Every line from the one with "اكسنت • ٢٠١٧ • ١٤٠٠" to the end of the listing below must be printed exactly, with no other text and no pictures.

==== INFORMATION SHOWN

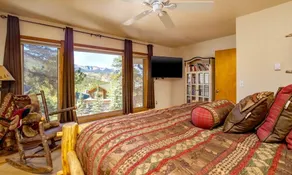 Tranquil Duplex Home - Image 5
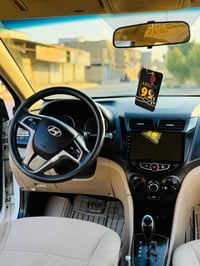 اكسنت • ٢٠١٧ • ١٤٠٠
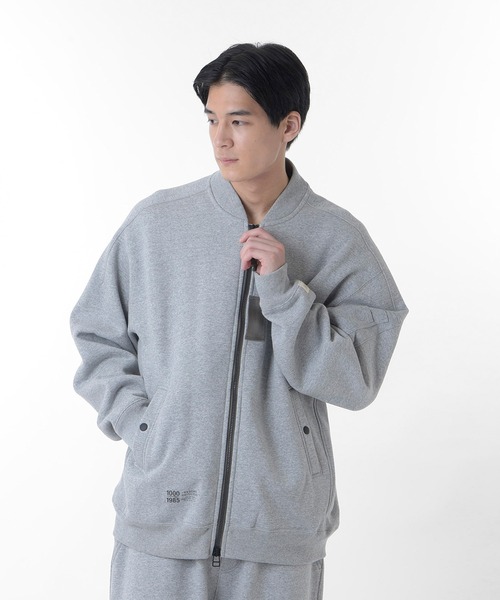 NEW BALANCE(ニューバランス)の「1000 フライトジャケットレギュラーフィット(ブルゾン・メンズ・ブラック/グレー・SMALL/MEDIUM/LARGE/X-LARGE)」の2枚目の写真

========

#### ANSWER:
 اكسنت • ٢٠١٧ • ١٤٠٠
 NEW BALANCE(ニューバランス)の「1000 フライトジャケットレギュラーフィット(ブルゾン・メンズ・ブラック/グレー・SMALL/MEDIUM/LARGE/X-LARGE)」の2枚目の写真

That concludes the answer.